The cleaning blade 7 is fixed to the cleaning container 29 and provided such that an elastic rubber portion at the edge comes into contact with the photosensitive drum 4 in a counter direction to the rotation direction (the arrow D direction in FIG. 3) of the photosensitive drum 4. When an image is formed, the cleaning blade 7 wipes a residual transfer toner remaining on the photosensitive drum 4 to clean up the surface of the photosensitive drum 4. At this time, to sufficiently wipe off the residual transfer toner, the edge of the cleaning blade 7 is in contact with the surface of the photosensitive drum 4 with a predetermined pressure.

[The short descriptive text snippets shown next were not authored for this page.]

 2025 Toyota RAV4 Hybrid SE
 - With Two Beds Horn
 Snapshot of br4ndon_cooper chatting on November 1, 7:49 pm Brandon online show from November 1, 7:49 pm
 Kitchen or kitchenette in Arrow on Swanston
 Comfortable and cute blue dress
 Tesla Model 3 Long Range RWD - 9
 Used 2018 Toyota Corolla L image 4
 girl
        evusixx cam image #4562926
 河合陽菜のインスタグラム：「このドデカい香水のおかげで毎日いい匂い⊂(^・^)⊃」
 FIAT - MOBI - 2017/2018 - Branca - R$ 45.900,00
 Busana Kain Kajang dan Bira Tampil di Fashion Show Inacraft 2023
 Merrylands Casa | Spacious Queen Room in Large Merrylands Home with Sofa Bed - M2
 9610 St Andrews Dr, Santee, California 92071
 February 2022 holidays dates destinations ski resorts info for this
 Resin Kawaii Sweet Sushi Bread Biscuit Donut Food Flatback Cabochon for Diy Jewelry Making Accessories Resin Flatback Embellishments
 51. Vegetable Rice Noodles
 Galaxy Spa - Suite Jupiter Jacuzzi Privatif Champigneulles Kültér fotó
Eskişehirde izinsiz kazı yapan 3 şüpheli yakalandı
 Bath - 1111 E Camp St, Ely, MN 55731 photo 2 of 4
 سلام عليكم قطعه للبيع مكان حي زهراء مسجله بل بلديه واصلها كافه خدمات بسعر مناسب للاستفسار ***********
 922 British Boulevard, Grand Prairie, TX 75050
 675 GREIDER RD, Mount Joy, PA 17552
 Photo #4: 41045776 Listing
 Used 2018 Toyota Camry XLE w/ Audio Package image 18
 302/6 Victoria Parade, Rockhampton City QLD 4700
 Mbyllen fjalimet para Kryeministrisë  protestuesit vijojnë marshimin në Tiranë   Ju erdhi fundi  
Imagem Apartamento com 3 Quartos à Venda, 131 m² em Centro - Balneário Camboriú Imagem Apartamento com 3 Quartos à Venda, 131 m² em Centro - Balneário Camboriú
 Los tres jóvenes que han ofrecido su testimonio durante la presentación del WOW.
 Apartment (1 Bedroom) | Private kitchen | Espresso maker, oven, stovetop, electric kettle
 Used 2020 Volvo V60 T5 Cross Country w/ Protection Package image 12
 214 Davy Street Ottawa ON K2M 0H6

Further, the residual transfer toner wiped from the surface of the photosensitive drum 4 by the cleaning blade 7 is contained in a waste toner containing portion 29c of the cleaning container 29 as a waste toner. Thus, in the cleaning container 29, a waste toner collection sheet member 44 used for preventing the waste toner from leaking out from a gap with the photosensitive drum 4 or the cleaning blade 7 is fixed to the photosensitive drum 4 in the longitudinal direction. Further, cleaning blade end seal members (not illustrated) are provided at both ends in the longitudinal direction of the cleaning blade 7.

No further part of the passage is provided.